Exercise =>
Note on the material below: return exactly the lines from the line that holds "Girl's Birthday Boho" through the line that holds "Tecido Padrão de", and leave out each picture.

START Records

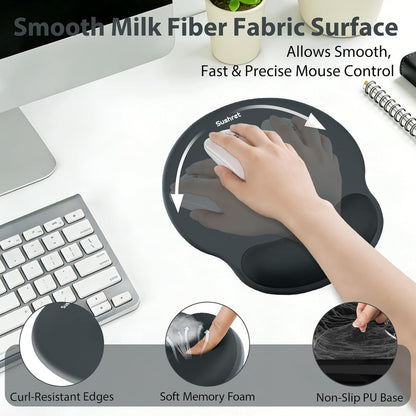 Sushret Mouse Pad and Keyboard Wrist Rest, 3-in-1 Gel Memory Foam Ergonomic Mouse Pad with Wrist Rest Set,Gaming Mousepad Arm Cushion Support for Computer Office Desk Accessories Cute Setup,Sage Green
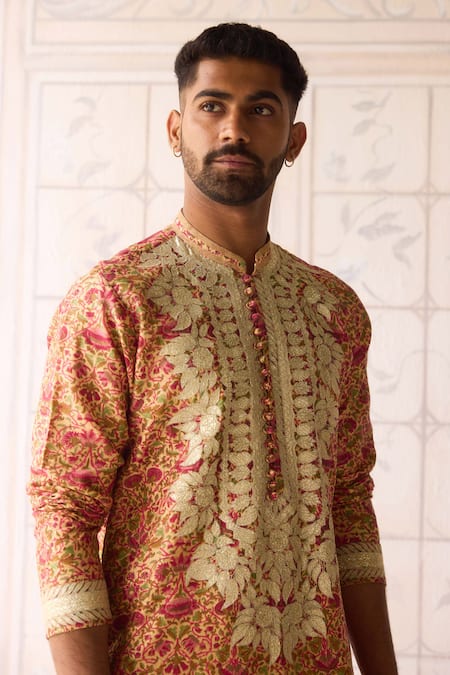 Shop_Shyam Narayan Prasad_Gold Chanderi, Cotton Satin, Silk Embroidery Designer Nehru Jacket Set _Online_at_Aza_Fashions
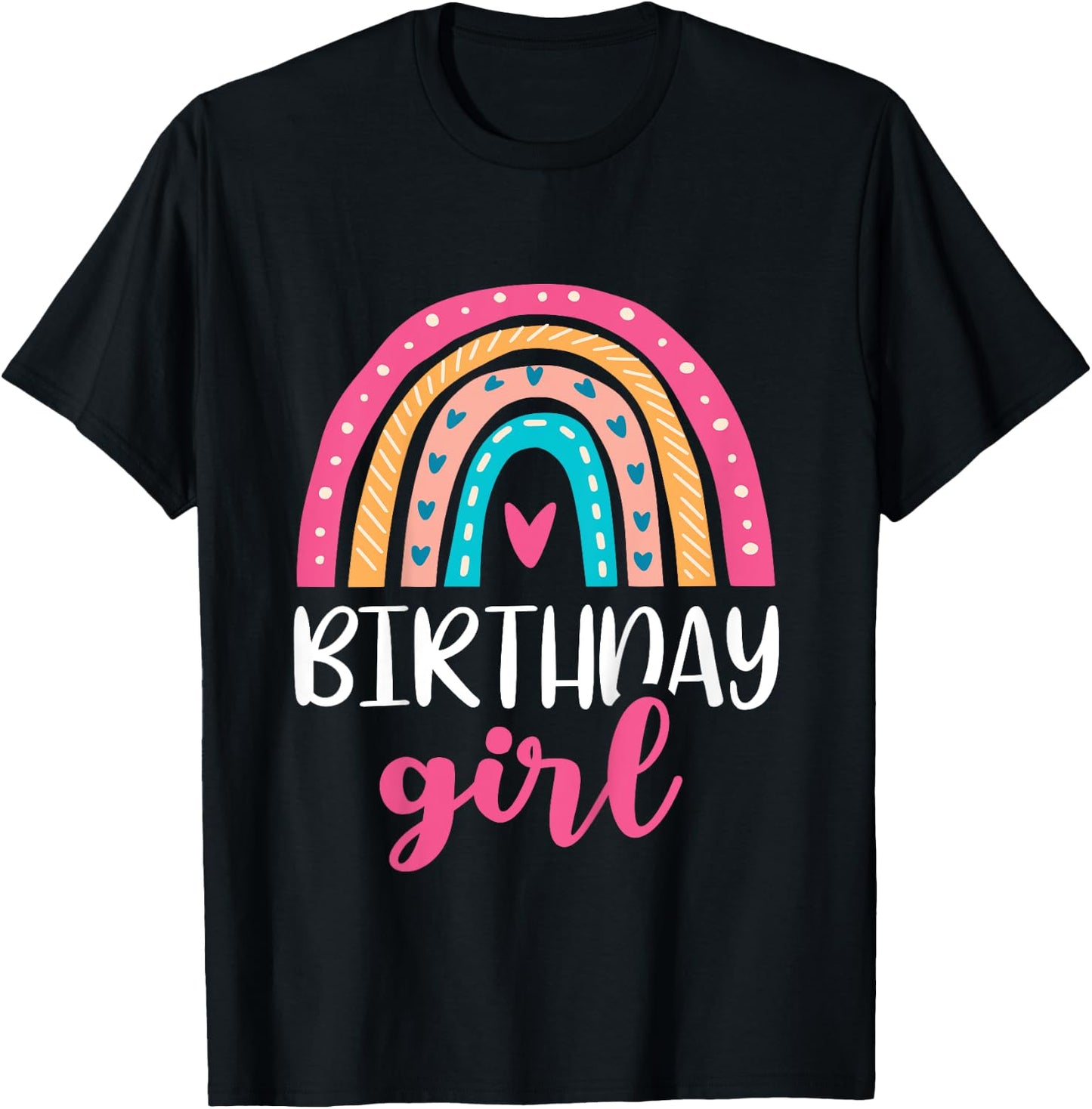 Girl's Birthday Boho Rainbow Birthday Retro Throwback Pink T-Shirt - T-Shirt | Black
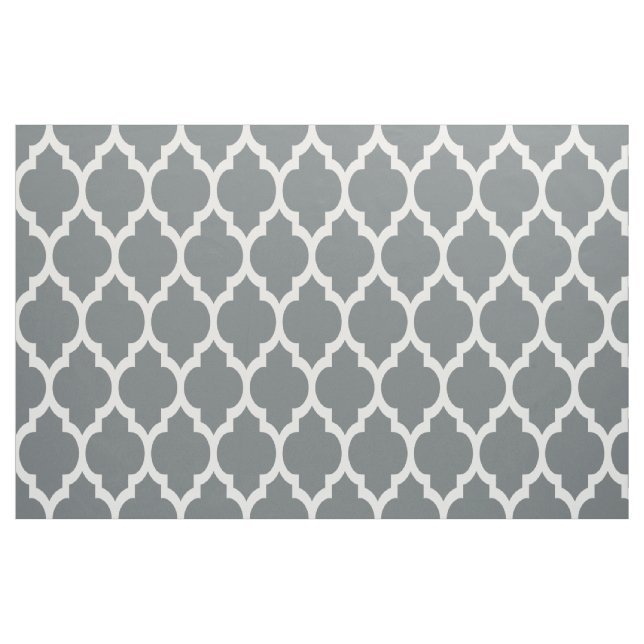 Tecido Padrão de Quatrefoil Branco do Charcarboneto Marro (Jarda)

END Records
START Records

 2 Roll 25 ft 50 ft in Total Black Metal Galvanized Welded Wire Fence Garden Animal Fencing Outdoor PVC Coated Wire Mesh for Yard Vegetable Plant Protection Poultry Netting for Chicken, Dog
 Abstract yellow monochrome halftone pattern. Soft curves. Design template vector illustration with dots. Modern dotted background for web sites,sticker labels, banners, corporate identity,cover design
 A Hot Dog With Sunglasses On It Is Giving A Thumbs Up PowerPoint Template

END Records
START Records

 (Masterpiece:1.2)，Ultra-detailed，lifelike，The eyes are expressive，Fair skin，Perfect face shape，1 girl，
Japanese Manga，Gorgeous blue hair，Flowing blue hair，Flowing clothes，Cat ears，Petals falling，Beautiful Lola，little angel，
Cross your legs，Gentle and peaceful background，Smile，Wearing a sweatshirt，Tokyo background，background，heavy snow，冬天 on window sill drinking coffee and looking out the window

END Records

Response =>
 Girl's Birthday Boho Rainbow Birthday Retro Throwback Pink T-Shirt - T-Shirt | Black
 Tecido Padrão de Quatrefoil Branco do Charcarboneto Marro (Jarda)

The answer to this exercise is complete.